Gentamicin in the pediatric population is administered either in a conventional dosing regimen of twice or thrice daily or in an extended dosing regimen of once daily in a clinical setting [12]; thus, consistent dosing schedules have not been reported in previous studies or in the present cases [8,9,10]. Moreover, the cases receiving a gentamicin dosage below 7.5 mg/kg/day in the previous and present studies were cured with no adverse events. Therefore, a gentamicin dosage below 7.5 mg/kg/day may be effective and safe for use in infant patients. However, the optimal dosing regimen of gentamicin in infant patients is controversial.

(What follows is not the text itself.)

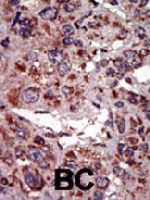 PAB3350 - DAG kinase alpha
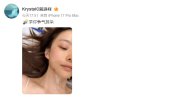 陈卓璇做针灸治疗耳部病情 确诊咽鼓管异常开放症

PK in pediatric patients is affected by age. Changes in body composition and organ maturation during the first two years of life should be considered. The glomerular filtration rate (GFR) depends on the functional capacity of the kidneys and renal blood flow, which increases from 12 mL/min at birth to 140 mL/min in the first two years of life [13]. The distribution of gentamicin is mainly influenced by body fluid composition, which rapidly changes during the first two years of life [13]. Consequently, a higher clearance and smaller volume of distribution of gentamicin are expected in infants compared to neonates. GFR then decreases to approximate adult values as the child grows into adolescence [14]. Therefore, the differences in PK between infants and other parts of the pediatric population justify the need to perform extensive PK studies in infants.

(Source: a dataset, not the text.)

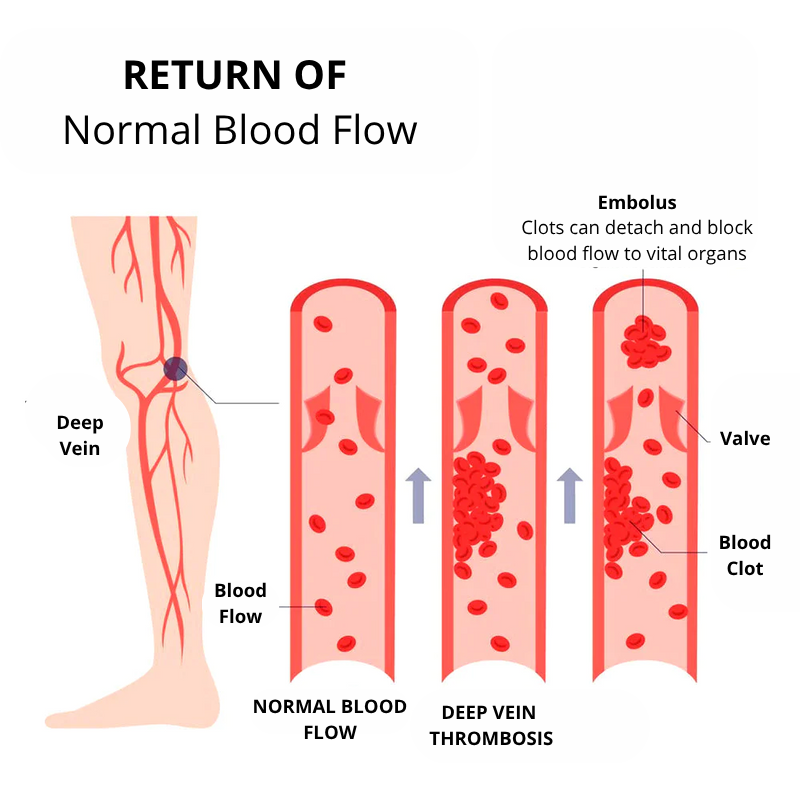 ShapeSocks™ 1+1 Free – Slimmer Legs & Firmer Skin in One Step!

Gentamicin is mainly eliminated through renal excretion. As the renal function (urinary volume) decreased, the Cmin increased in Case 3. In the present study, the key factor in gentamicin therapy was found to be renal function. In particular, urinary volume may be an appropriate index for assessing renal function.

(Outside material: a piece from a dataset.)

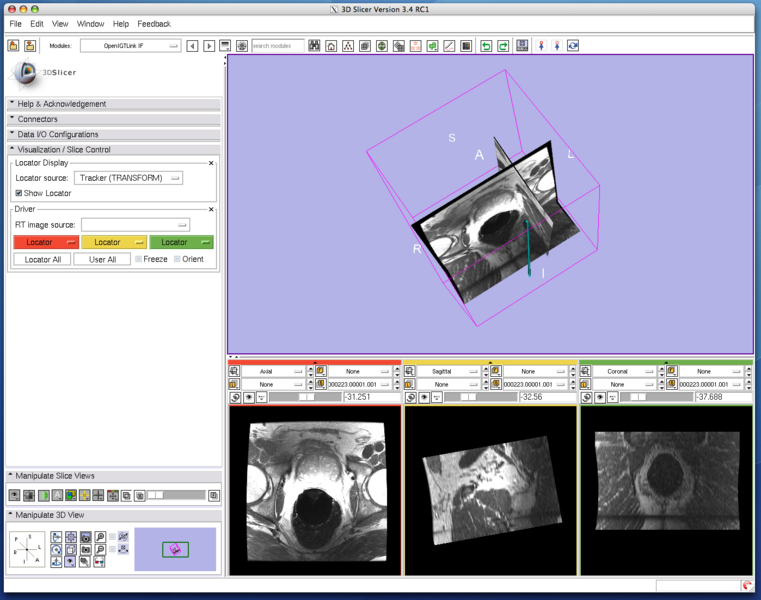 File:Slicer3 OpenIGTLinkIF VolumeReslice1.png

The Cpeak of gentamicin was used to determine its efficacy, and Cmin was used to define its toxicity [15]. The therapeutic Cpeak and Cmin targets are 5–10 mg/L and less than 1 mg/L, respectively [16,17]. Among the cases and studies that reported Cpeak values, all patients achieved the Cpeak target and fully recovered from infection. In contrast, although 6 of the 12 patients showed a Cmin of over 1 mg/L, no adverse events were observed. The Cmin of patients who received gentamicin at 9.0 mg/kg/day was 3.3 mg/L, and mild renal function impairment was observed. The CL and Ke under a gentamicin dosage of 9.0 mg/kg/day were lower than those of patients in the previous studies [8,9,10]. Therefore, a dose of 9.0 mg/kg/day may deteriorate renal function. In contrast, the Cmin of the patient receiving a high dose of 7.5 mg/kg once daily in our study was less than 1 mg/L. Some meta-analyses have been reported to establish evidence for PK/PD. One meta-analysis reported the Cmin of gentamicin for reducing the risk of toxicity in neonates [18]. The results demonstrated that a Cmin of less than 2 mg/L decreased the risk of toxicity caused by gentamicin; thus, a gentamicin dose of 7.0 mg/kg once daily can be used to achieve a Cmin of less than 2 mg/L in the pediatric population [19]. Recently, the optimal gentamicin dosage in different pediatric age groups was investigated using population PK and Monte Carlo simulations [20]. Infants require daily doses of at least 4.0–8.0 mg/kg. Therefore, the gentamicin tolerability in infants may be similar to that in neonates. Single or multiple administrations of the recommended dose may be sufficient to attain a Cpeak of over 5 mg/L and a Cmin of less than 2 mg/L. However, the Cmin may exceed 2 mg/L, and the frequency of adverse events may increase in cases where the daily dose of gentamicin exceeds 8.0 mg/kg.

5. Conclusions

In conclusion, despite the very limited number of cases investigated and articles reviewed, this study provides a basic overview of gentamicin therapy for infant patients and the challenges to be addressed in the future, especially the optimum Cpeak/MIC ratio of gentamicin for infant patients. In terms of Cpeak and Cmin, further large-scale studies are necessary to obtain more robust evidence. The data provided in this study may aid in optimizing gentamicin treatment for infant patients.